Repenser le statut de la copro au sein de la cité nous est apparu comme un objectif atteignable : premier cercle de relations et de coopérations, lieu d’exercice de la démocratie, nos copro existantes pourraient jouer un rôle essentiel dans la redéfinition de notre environnement mais aussi dans notre participation à tous dans la vie urbaine.
Une unité de vie intermédiaire entre le ménage et la commune
Corps social solidaire qui, à cause du partage d’un toit commun, doit de se mettre d’accord sur des règles et des devoirs, la copro est un lieu où l’on s’exerce à la vie en commun.La crise a exacerbé les besoins quotidiens qui ne peuvent pas toujours être pourvus par le quartier (les pouvoirs publics) ou par le logement (nos ressources privées). Elle a incité les individus à se tourner spontanément vers la copro pour améliorer leur cadre de vie. Ne pourrions-nous pas étendre ces initiatives à des pratiques pérennes ? La copropriété peut être un relais efficace pour reformuler notre vie citadine, décloisonner les rapports entre ses habitants et optimiser l’espace urbain. Pour cela, elle devrait être investie d’une vocation qui va bien au-delà de son champ de compétences actuel. Au lieu de se borner à la gestion d’un immeuble, ne pourrait-on pas lui donner les moyenset les responsabilités pour qu’elle puisse s’engager un peu plus dans une vision vertueuse de l’espace urbain, au service de ses occupants ?Les trésors cachés de la Supercopro
La contraction de notre espace de vie nous a amené à découvrir des espaces sous-utilisés dans notre copro. Un immeuble n’est pas aussi immuable qu’il en a l’air. Trois axes d’actions et d’ambitions pourraient constituer les bases d’une charte des Supercopro de demain et transformer en profondeur notre quotidien :
1- Copro solidaire : entraide (intergénérationnelle, personnes en situation de handicap, …) ; optimisation des espaces pour permettre le télétravail, la garde des enfants, …
2- Copro agréable à vivre : accès à l’extérieur (jardins, toiture, terrasses communes, potagers) ; mutualisation des espaces (laverie, atelier bricolage, salle polyvalente...), des biens (vélo, voiture…) ; capacité de location et gestion des espaces en rdc pour cibler des besoins adaptés aux résidents habitants/quartier et se faire une trésorerie
3- Copro engagée pour l’environnement : gestion des parcs de stationnement pour donner plus de place aux modes doux, entamer la transition énergétique en investissant dans les énergies renouvelables, …
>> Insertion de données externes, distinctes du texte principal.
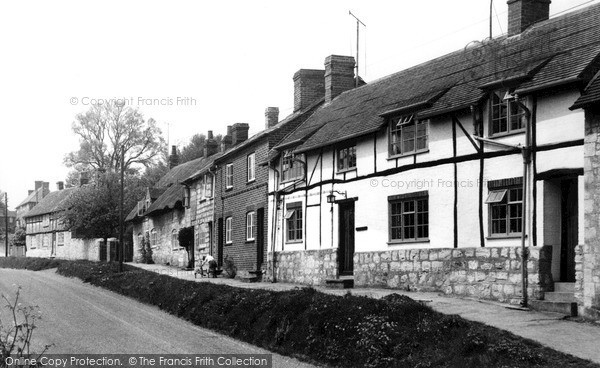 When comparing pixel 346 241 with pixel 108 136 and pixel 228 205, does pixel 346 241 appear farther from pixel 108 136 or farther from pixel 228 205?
pixel 108 136

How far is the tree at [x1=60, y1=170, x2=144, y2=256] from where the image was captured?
5519 cm

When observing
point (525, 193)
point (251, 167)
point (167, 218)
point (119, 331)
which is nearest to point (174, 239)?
point (167, 218)

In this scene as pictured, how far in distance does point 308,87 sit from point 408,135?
11.8 metres

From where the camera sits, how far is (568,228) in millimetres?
17094

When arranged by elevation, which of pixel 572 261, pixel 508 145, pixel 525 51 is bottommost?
pixel 572 261

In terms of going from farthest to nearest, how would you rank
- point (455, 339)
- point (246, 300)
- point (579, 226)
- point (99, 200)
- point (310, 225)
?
1. point (99, 200)
2. point (310, 225)
3. point (246, 300)
4. point (579, 226)
5. point (455, 339)

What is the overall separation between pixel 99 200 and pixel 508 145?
42609 millimetres

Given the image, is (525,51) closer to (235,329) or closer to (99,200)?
(235,329)

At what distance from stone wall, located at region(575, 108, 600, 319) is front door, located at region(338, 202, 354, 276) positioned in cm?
1073

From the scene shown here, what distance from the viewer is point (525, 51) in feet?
65.8

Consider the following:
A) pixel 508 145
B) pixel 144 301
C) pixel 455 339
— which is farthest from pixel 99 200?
pixel 455 339

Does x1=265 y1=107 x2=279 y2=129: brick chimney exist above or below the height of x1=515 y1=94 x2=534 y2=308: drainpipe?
above

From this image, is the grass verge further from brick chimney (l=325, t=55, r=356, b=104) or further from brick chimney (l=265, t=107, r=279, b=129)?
brick chimney (l=265, t=107, r=279, b=129)

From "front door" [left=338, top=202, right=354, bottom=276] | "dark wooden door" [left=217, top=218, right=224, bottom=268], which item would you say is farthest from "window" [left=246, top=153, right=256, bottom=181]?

La montée en compétence des acteurs de la copro : un enjeu fondamental
Nous sommes ici en train d’évoquer une mutation des acteurs de la copro en véritables maitres d’ouvrages compétents de l’immobilier et de la ville. Pour endosser ce rôle et lui permettre de se développer dans toute son envergure, la copro a besoin d’aide, d’accompagnement et d’incitations. Plusieurs pistes et outils pourraient être envisagées :
· Financement d’un audit et accompagnement par un AMO. L’architecte de copro peut également ici étendre son action et son engagement
· Valorisation du temps passé par les bénévoles (défiscalisation ? aménagement du temps de travail ? formation diplômante ?)
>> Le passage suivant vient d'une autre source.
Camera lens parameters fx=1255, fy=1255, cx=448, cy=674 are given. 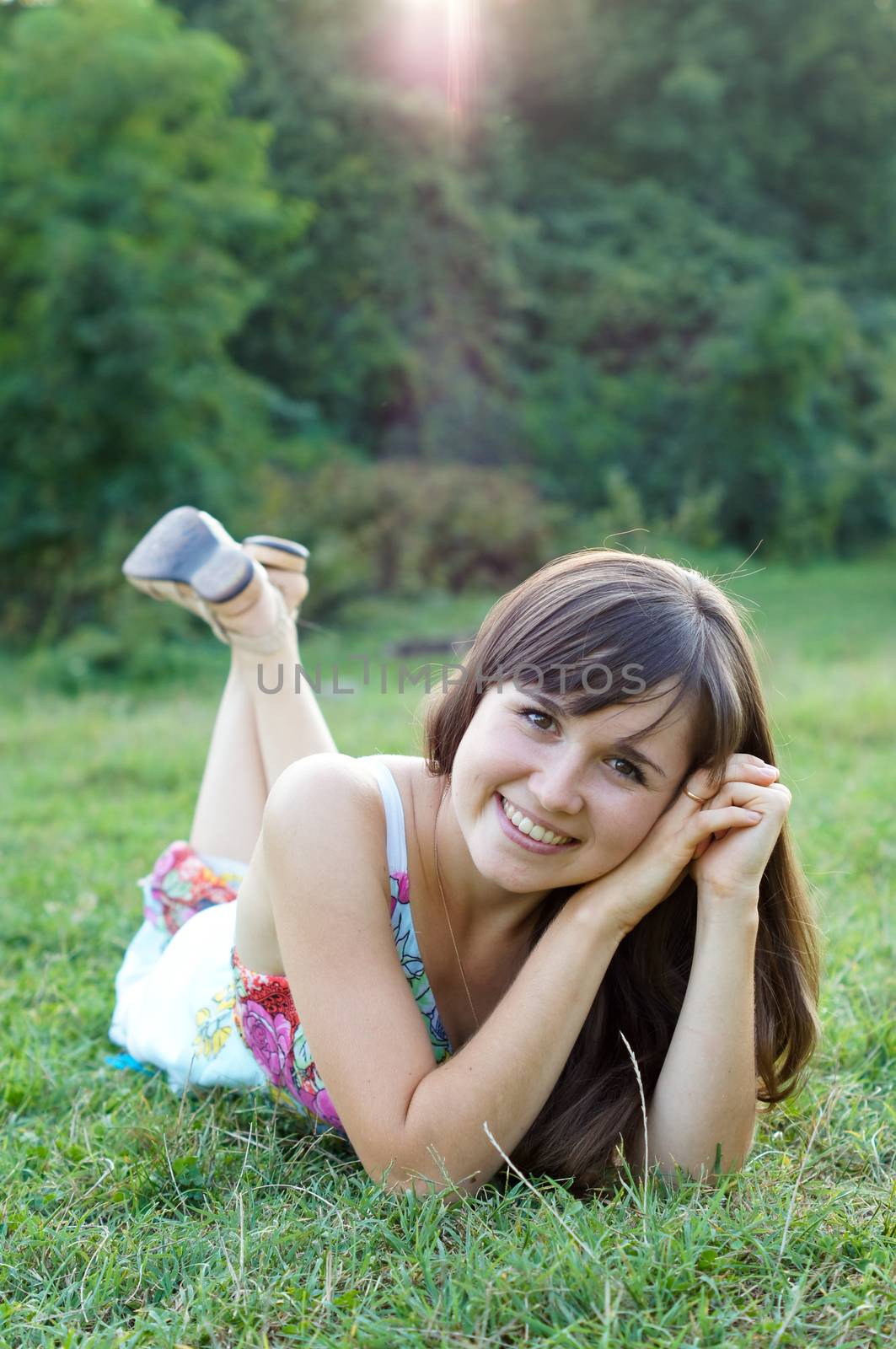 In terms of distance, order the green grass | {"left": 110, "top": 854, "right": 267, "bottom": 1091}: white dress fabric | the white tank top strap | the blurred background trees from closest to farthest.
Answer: the green grass
the white tank top strap
{"left": 110, "top": 854, "right": 267, "bottom": 1091}: white dress fabric
the blurred background trees

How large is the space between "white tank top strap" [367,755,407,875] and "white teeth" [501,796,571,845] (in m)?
0.22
· Formation continue du conseil syndical
· Evolution du métier de concierge, qui doit également être en mesure de gérer des locaux immobiliers (appels d’offre, baux, …)
· Refonte du planning des décisions pour une dynamique plus engageante de l’ensemble des habitants (augmenter le nombre d’assemblée générale annuelle, mise en place de plateforme de partage des idées, …)
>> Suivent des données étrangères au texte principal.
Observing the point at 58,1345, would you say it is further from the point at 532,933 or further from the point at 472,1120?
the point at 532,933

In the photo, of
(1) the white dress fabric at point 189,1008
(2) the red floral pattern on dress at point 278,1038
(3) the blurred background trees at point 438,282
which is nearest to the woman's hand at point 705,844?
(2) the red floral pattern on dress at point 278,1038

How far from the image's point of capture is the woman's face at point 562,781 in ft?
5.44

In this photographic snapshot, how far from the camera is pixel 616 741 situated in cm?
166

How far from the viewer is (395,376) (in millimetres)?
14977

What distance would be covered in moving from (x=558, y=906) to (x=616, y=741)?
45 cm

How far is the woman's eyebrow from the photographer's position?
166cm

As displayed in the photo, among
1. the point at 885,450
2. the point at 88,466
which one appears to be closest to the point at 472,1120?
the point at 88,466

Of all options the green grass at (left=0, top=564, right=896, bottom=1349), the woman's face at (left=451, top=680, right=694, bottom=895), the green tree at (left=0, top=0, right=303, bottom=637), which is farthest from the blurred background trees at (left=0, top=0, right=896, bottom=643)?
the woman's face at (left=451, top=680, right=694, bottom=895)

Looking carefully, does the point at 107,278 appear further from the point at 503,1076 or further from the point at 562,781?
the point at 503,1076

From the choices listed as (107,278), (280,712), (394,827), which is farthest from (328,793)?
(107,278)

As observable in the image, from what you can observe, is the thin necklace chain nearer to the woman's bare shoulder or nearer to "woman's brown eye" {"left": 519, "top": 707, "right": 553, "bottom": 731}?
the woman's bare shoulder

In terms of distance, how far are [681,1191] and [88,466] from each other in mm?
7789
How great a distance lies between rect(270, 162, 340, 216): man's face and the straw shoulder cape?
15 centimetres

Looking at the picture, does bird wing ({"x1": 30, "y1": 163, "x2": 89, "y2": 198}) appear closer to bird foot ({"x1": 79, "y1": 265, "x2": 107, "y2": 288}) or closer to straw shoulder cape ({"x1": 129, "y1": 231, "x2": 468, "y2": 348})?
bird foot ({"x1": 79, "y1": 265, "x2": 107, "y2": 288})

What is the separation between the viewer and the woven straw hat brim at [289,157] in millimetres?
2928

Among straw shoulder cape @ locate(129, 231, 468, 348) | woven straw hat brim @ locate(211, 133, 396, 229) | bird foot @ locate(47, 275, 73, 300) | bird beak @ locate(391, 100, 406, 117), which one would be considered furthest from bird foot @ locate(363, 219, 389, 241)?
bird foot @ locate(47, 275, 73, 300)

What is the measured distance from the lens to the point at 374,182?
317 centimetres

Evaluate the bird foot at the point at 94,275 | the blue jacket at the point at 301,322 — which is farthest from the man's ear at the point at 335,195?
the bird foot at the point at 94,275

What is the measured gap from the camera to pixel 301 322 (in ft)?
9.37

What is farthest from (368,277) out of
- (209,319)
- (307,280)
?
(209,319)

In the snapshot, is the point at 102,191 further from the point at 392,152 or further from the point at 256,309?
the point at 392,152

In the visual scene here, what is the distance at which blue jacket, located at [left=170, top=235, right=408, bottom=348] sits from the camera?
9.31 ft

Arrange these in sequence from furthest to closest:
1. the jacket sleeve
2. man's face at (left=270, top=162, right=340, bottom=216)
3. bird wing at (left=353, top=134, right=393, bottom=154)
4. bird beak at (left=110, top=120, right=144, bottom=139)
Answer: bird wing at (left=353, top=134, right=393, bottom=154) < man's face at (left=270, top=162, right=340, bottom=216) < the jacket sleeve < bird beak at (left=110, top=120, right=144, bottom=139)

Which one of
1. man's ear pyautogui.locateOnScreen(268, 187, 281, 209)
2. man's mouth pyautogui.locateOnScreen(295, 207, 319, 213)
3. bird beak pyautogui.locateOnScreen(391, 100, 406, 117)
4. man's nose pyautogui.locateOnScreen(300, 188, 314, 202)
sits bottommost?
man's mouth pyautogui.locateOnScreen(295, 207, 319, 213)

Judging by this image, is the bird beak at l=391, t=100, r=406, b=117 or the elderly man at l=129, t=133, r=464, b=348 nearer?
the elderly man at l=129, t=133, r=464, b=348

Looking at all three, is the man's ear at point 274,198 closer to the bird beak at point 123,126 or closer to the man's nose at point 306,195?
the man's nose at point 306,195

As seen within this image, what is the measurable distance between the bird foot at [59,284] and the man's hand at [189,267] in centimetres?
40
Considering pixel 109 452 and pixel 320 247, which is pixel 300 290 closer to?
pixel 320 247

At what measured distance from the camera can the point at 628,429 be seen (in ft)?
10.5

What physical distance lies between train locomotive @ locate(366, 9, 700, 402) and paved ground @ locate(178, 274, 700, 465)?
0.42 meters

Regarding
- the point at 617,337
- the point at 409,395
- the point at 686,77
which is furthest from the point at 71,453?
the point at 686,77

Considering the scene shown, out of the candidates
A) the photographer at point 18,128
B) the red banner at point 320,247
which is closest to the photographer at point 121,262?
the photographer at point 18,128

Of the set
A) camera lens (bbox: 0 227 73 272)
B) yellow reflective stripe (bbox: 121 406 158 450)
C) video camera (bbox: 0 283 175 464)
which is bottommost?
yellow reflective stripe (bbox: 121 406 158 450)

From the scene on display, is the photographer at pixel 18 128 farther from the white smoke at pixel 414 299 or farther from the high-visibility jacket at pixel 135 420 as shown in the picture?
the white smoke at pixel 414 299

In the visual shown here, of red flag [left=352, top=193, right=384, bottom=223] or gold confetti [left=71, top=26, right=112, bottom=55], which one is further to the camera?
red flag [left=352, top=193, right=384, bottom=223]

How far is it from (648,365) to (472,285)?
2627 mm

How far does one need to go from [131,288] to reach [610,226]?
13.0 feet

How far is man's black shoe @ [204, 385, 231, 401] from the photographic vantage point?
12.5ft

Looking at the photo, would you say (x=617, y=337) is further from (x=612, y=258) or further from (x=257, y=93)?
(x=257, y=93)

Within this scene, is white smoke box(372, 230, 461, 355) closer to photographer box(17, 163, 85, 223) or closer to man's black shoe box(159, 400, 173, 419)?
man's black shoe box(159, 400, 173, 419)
Interrelations et complémentarités : les copros en réseau
La mise en relation des Supercopro entre elles permettrait d’atteindre un nouvel échelon dans la fabrication de la ville. Faire tomber une clôture pour obtenir un cœur d’ilot plus vaste, partager une terrasse ou un potager, échanger sur les complémentarités des occupations de locaux en rdc, … la vie du quartier pourrait considérablement s’enrichir de ces nouveaux réseaux. Les plateformes d’échange numériques sont des moyens pour organiser des besoins complexes et spontanés qui rendent possible ces mutations. Par ailleurs, s’adosser à des opérateurs extérieurs qui doivent eux aussi s’impliquer dans une vision plus vertueuse de la ville (Airbnb, la Poste, concessionnaires...) serait un atout pour les Supercopro.
Que ce soit à l’échelon municipal ou national, les collectivités pourraient avoir beaucoup d’intérêt à inciter les copros existantes à se transformer. Elles l’ont déjà montré à travers quelques exemples comme la loi ALUR visant notamment à simplifier les modalités de surélévation ou les mesures d’embellissement et d’entretien des façades de la ville de Paris. Pour faire face à de futures crises, il semble vital de trouver un nouvel élan pour mobiliser les ressources locales. Des mesures incitatives permettraient à chaque copro de s’engager dans un projet d’amélioration de vie en commun. Une charte de Supercopro est à inventer pour engager chacun des concitoyens dans un nouvel horizon collectif. Le report du second tour des élections municipales est sans doute une occasion supplémentaire pour questionner les programmes de nos villes et construire ensemble les copropriétés de demain.